In a June 7, 2011 file photo, a smoke and dust cloud from an explosion rises into the sky after a NATO airstrike in Tripoli, Libya, (AP).
Hours after NATO airstrikes pounded the area near Libyan leader Muammar Gaddafi's compound again before dawn Thursday, Russia's envoy to Libya turned up at a bombing site while on a visit to Tripoli for talks on ending the civil war.
Italy's foreign minister, meanwhile, said his government was calling together tribal leaders from all parts of Libya for a meeting to promote reconciliation.
Franco Frattini said Thursday up to 300 people representing all of Libya's regions will attend the meeting. He did not give a date. The ANSA news agency said the meeting might take place next week.
And one of Gadhafi's sons told an Italian newspaper that his father would not seek exile outside Libya but that elections under International supervision could offer a way out. A vote could be organized within 3 months, he said.
The son, Saif al-Islam, told Corriere della Sera that Gaddafi would step aside if he lost, which the son said was unlikely. He acknowledged, however, that "my father's regime as it developed since 1969 is dead." The son said he envisions a federal state with strong local autonomy and a weak central government in Tripoli.

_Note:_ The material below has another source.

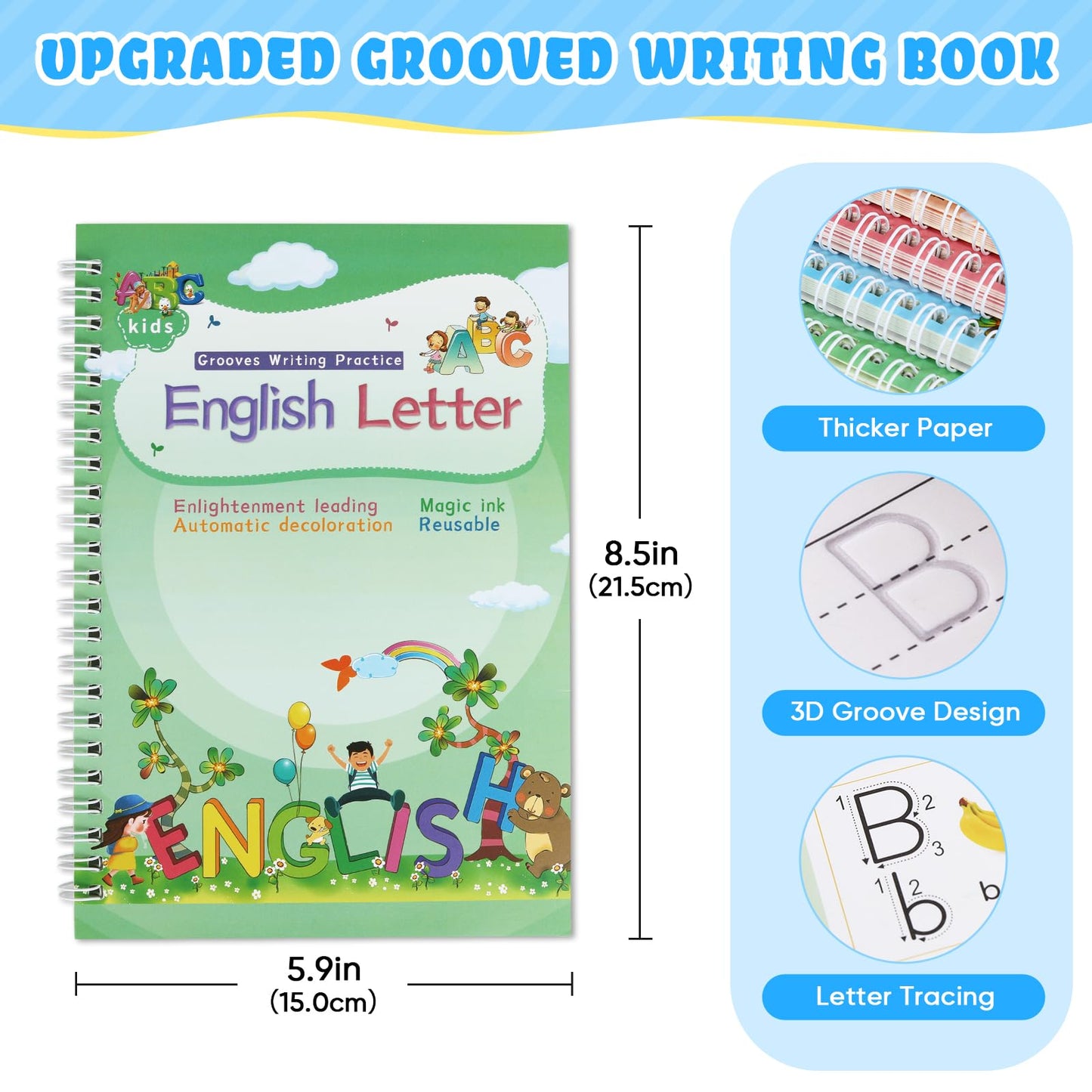 Magic Ink Copybooks for Kids Reusable Handwriting Workbooks for Preschools Grooves Template Design and Handwriting Aid (5)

In Moscow, the ITAR-Tass news agency said enovy Mikhail Margelov had met in Tripoli with Foreign Minister Abdul-Ati al-Obeidi and planned a session with Prime Minister Al-Baghdadi Al-Mahmoudi. Reporters taken to a bombing site - it was not clear if it was the location hit early Thursday - saw Margelov there, in the company of government officials.
Last week, Margelov visited the Libyan rebel stronghold of Benghazi and said that Gaddafi has lost his legitimacy.
However, Margelov also said NATO airstrikes are not a solution to Libya's violent stalemate.
The Interfax agency quoted Margelov as saying, after meeting the foreign minister, that he was told "Gaddafi is not prepared to leave, and the Libyan leadership will talk about the country's future only after a cease-fire." The foreign minister also said, according to Margelov, that the African Union should be "the main force" in reaching a resolution.
The latest NATO strike on Gaddafi's compound rattled windows across the heart of the capital, producing thunderous concussions and smoke billowing into the air.
It was not clear what was hit, and there was no word on casualties. Government officials did not immediately comment on the strike. NATO warplanes have repeatedly targeted the area in and around the Bab al-Aziziya compound.
NATO launched its air campaign nearly three months ago under a United Nations resolution to protect civilians.
What started as a peaceful uprising inside the country against Gaddafi and his more than four-decade rule has become a civil war.
Poorly equipped and trained rebel fighters have taken control of the eastern third of Libya and pockets of the west. The fighting had reached a stalemate until last week when NATO launched the heaviest bombardment of Gaddafi forces since the alliance took control of the skies over Libya.
NATO has been pounding Gaddafi's military and government positions with increasing vigor and the rebels are again on the move.
Tunisian army official Mokhtar Ben Nasr said the number of Libyans fleeing has mounted in recent days, with 6,330 Libyan refugees crossing into Tunisia earlier this week.
Dozens of Libyan soldiers also have defected to Tunisia by boat, the state news agency there reported Wednesday.
Britain's prime minister has said that time is running out for Gaddafi's forces, even as some senior military leaders within NATO have voiced concerns that the mission is straining the alliance's resources.
"Time is on our side," British Prime Minister David Cameron told lawmakers Wednesday. "We have got NATO, we've got the United Nations, we've got the Arab League, we have right on our side. The pressure is building militarily, diplomatically, politically, and time is running out for Gaddafi."
In Washington, the White House insisted Wednesday that President Barack Obama has the authority to continue US military action in Libya even without authorization from lawmakers in Congress.
Its 32-page report to Congress argues that because the U.S. has a limited, supporting role in the NATO-led bombing campaign in Libya and American forces are not engaged in sustained fighting, the president is within his constitutional rights to direct the mission on his own.
But the report appeared to do little to quell congressional criticism. A spokesman for House Speaker John Boehner, R-Ohio, said the White House was using "creative arguments" that raised additional questions.